32
"Ca, maaf Gilang datang terlambat." Bayu menarik Giana—yang rupanya sudah duduk diam sambil menatap kosong lurus ke depan—ke dalam pelukannya. Ia mengelus belakang kepala Giana dengan lembut sembari sesekali mendaratkan kecupan ringan di puncak kepala gadis itu.
"Gilang balik khusus buat Eca, jadi Gilang mohon sama Eca.

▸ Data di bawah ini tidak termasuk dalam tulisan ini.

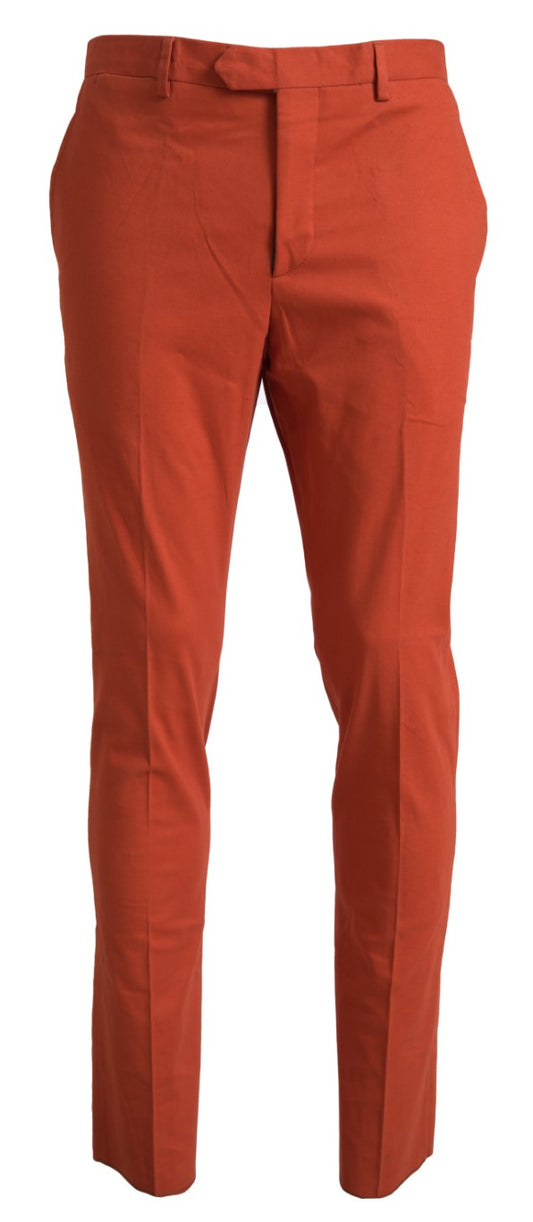 BENCIVENGA Elegant orange trousers made of pure cotton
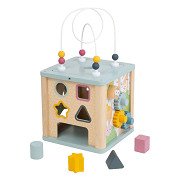 Bigjigs Formensortierer aus Holz mit Perlenspirale - 5 Stück.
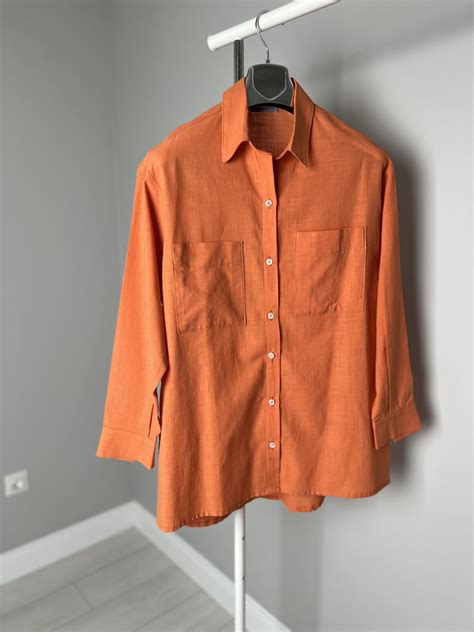 Özel Üretim Keten Gömlek - Melek Uluk Moda Tasarım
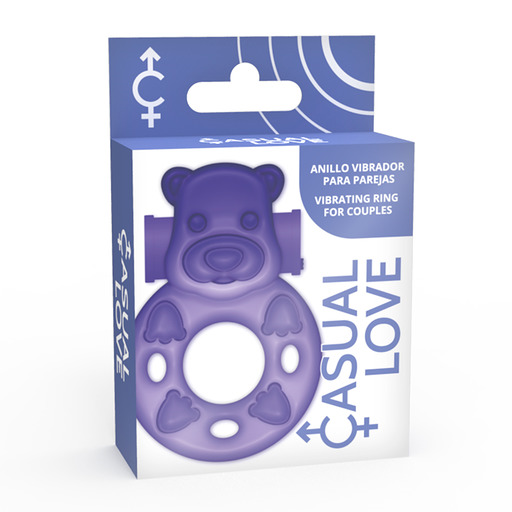 CASUAL LOVE - BAGUE DE VIBRATEUR 26 LILAC BUNNY CASUAL LOVE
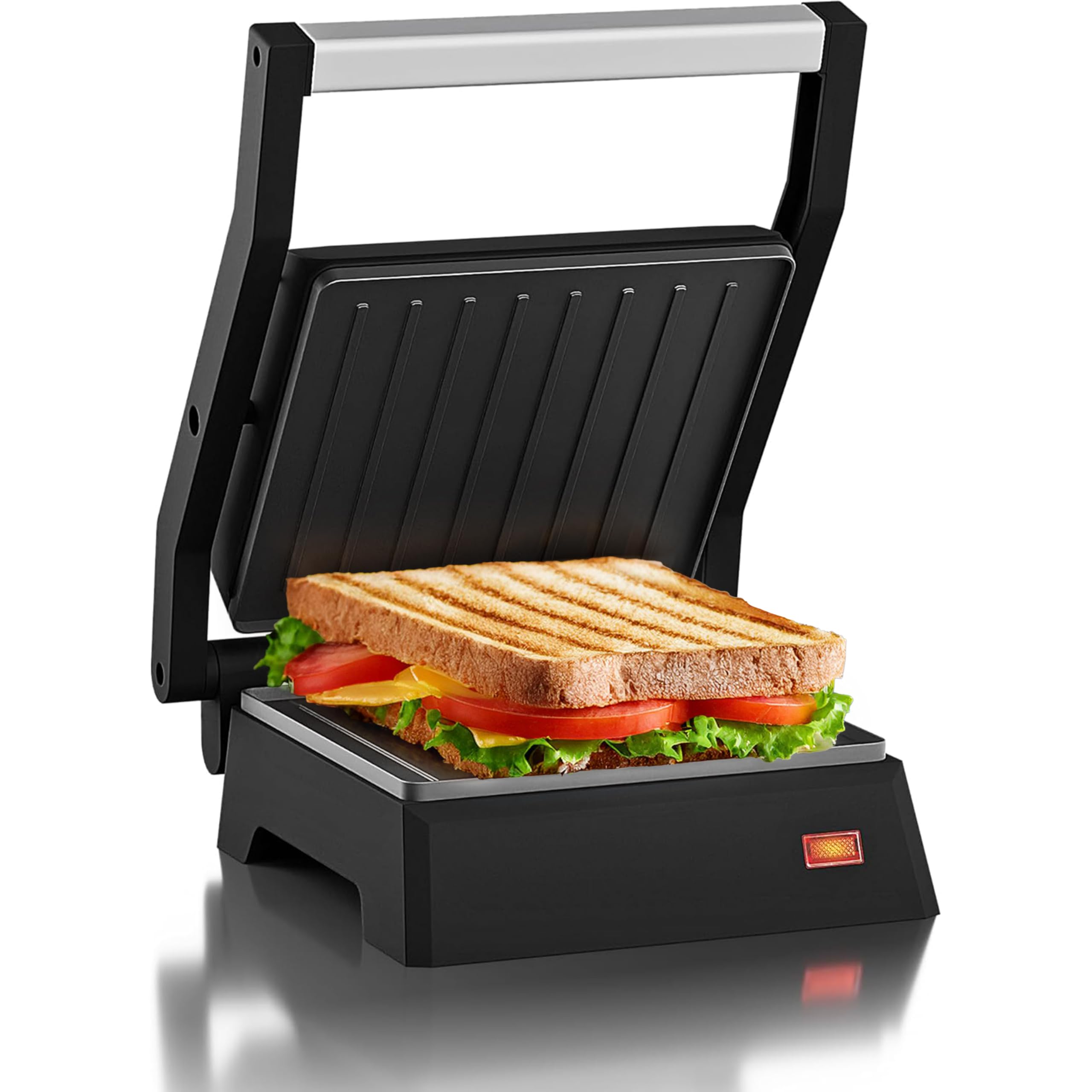 Elite Gourmet EPN160X 14 x 13.5 cm Multifunctional Compact Electric Sandwich Press, Contact Grid, 180° Flat Grill, Lightweight, Floating Top Plate, Cool-Touch Handle-image-29
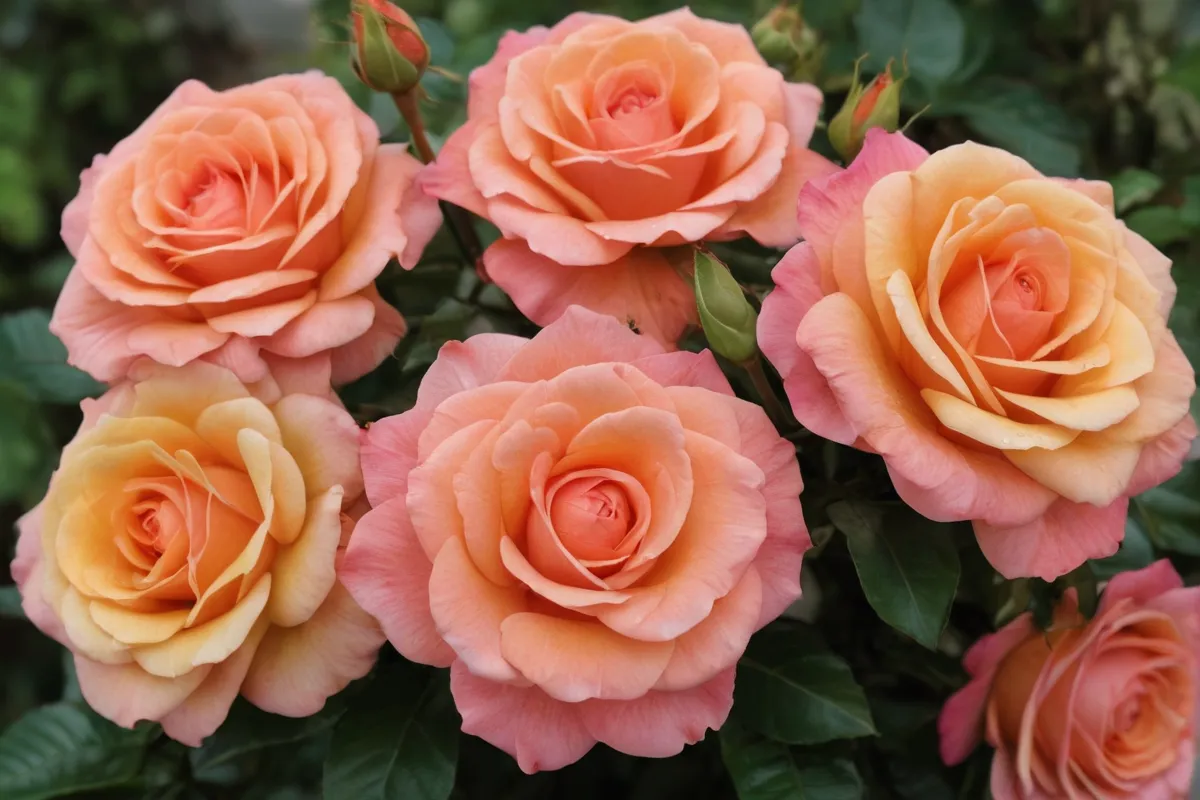 Las roses tropicales adornan las клубы jardín con colores vibrantes y detalles únicos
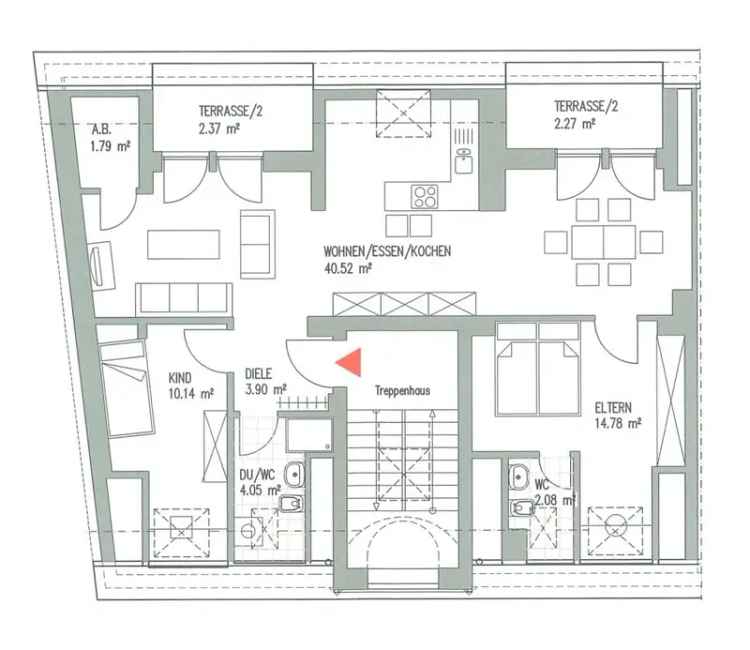 Eutritzsch – komplett sanierte & moderne DG-Wohnung mit 2 Terrassen in verkehrsgünstiger Lage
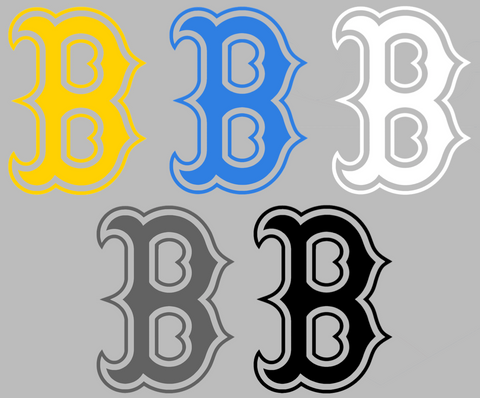 Boston Red Sox City Connect B Logo Premium DieCut Vinyl Decal PICK COLOR & SIZE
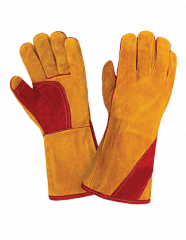 Краги СИБИРЬ, Т12-11-ru-10.5 (RL4), спилок, 5-ти палые, подкладка флис, усиленные, Кевлар®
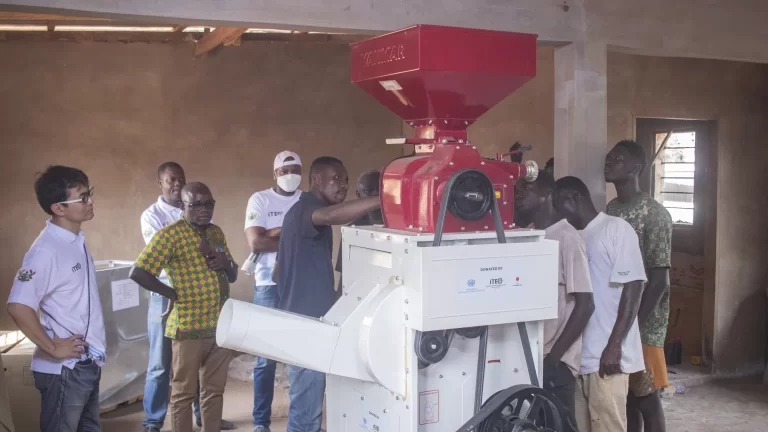 UNIDO Initiative Transforms Rice Processing in Ghana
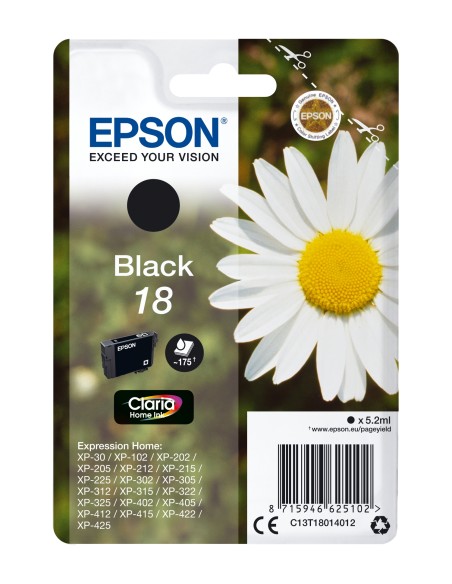Cartucho Epson Daisy Cartucho 18 negro etiqueta RF C13T18014022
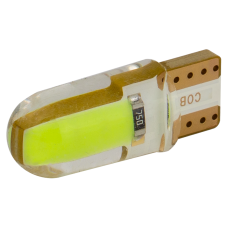 T10-035 Green COB 0.8W 60Lm 12V W5W base-10mm C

Jangan tinggalin Gilang sendiri di sini," pintanya lembut—lebih ke berbisik—tepat di telinga Giana yang masih diam tanpa respons.
Satu menit berlalu, masih belum ada pergerakan apapun dari Giana hingga ia mendengar suara teriakan penuh amarah yang terhenti akibat tertahan dari Ariel.
"Heh! Bocah sinting!"
Tepat di saat Bayu hendak berbalik dan memohon pada Ariel untuk memberinya waktu sebentar saja, Bayu merasakan sebuah remasan pada belakang bajunya. Baju di bagian dadanya terasa basah. Dan telinganya juga menangkap isakan kecil. Bayu bahkan juga bisa merasakan getaran dari bahu gadis yang sedang ia peluk.
"Kenapa?" Suara gadis itu terdengar parau dan begitu kering. Namun, Bayu bisa menangkap kerinduan di suara itu.
Senyum merekah dari bibir Bayu. Hatinya begitu lega mendapat respons positif dari pujaan hatinya. "Maaf." Hanya itu yang bisa ia ucapkan berkali-kali sambil mempererat pelukannya. Ia bahkan sudah melupakan keempat manusia yang tengah berdiri di pintu masuk sambil melongo lebar.
"Gilang minta maaf, Ca," pintanya lembut sembari mendaratkan kecupan ringan di kening gadis itu. Bayu menangkupkan kedua tangannya demi memerangkap wajah Giana yang sudah basah. Dengan ibu jarinya, Bayu mengusap air mata Giana yang mengalir deras. Lalu dikecupnya ringan kedua kelopak mata gadis itu.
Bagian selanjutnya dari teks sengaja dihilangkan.